Five minutes later he had his answer as the two of them were hovering over the stove, discussing the finer points of making eggs and soufflés and homemade bagels. Thing2 did most of the cooking with just a few pointers. The Big Guy made the toast and coffee. I did a little heavy lifting and got a picture of Thing2 discovering that there are a lot of ways to get your education. That picture is going to go perfectly right next to the original.

Resting My Laurels

Pain in my chest has made standing and painting less enticing over the last few weeks, but I hate to have my easel empty, especially since my study/studio is my quarantine headquarters. I decided to put the first oil painting I ever did. Appropriately, it happens to be a picture of the first masterpiece I ever had a hand in.

Faking It

I am able to walk an extra lap around the house or drag a few branches out of the garden these days, but my real skill these days is corralling the boys into believing that all of the work they’re doing to get our house ready for summer is fun.

This morning I got Thing2 to believe planting 125 seeds was fun. Later, after catching up on some homework, I got him to believe that seeing the weed pile slowly vanish was a good reason for a high five. And when Thing1 came out to try out the new blade on the trimmer and clear away some stubborn raspberry canes, the Big Guy and I swore we heard him say, “This is a good way to spend the day.”

Score one for the parents.

Feline Friday and The daily Zero K

In an apparent attempt to prove that the world would be better off run by members the next generation, the boys have been dragooning me — for my own good — into a very short ZeroK walk around the house every day since I’ve been sick. Thing1’s rationale is that there is nothing that even the smallest bit of exercise can’t make better, and each day there’s more evidence to prove him right.

The first day, the boys and I spent most of the first 10th of a mile trek reveling in each discovery of emerging spring green. The cats and dog cavorted around us, darting in and out of the woods after each other. The boys played catch with an old hacky-sack as we walked, occasionally giving Jim-Bob a chance to inspect it after a fumble.

The second day, the Big Guy decided to join us on our Zero K walk. The dog quickly took her place a few feet ahead of me, and the cats began their outdoor dance, darting in and out of the woods, pretending to stalk and then rub against the legs of their human prey.
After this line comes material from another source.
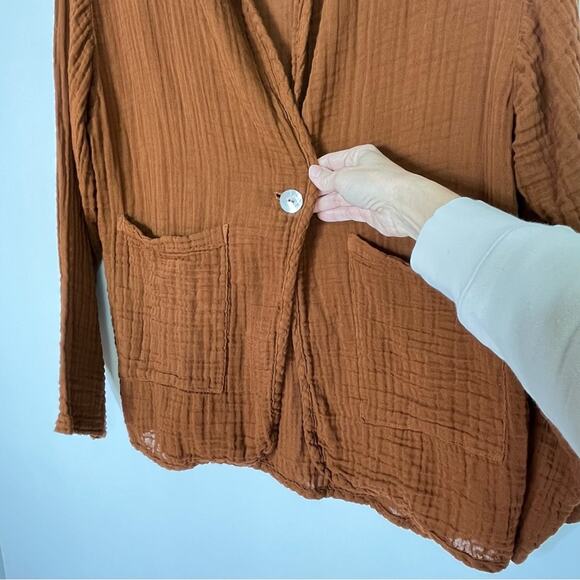 Michael Stars Dana Gauzy Lightweight Cotton Blazer Size Small - Picture 4 of 7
By day 3, the Zero K was a family routine. The cats cavorted slightly less, opting to take the lead on our lap on the running trail I had worn around the house back when I was training for 10k’s and 12k’s in solitude.

Like the rest of the world, we’re self-isolating from the rest of the world — we have two people in high-risk categories, and I’m sick with respiratory illness. It could be a time of fear. Our communal walks, our Zero K’s through our cloister of mountains and trees have turned the next weeks of cocooning into an unexpected gift.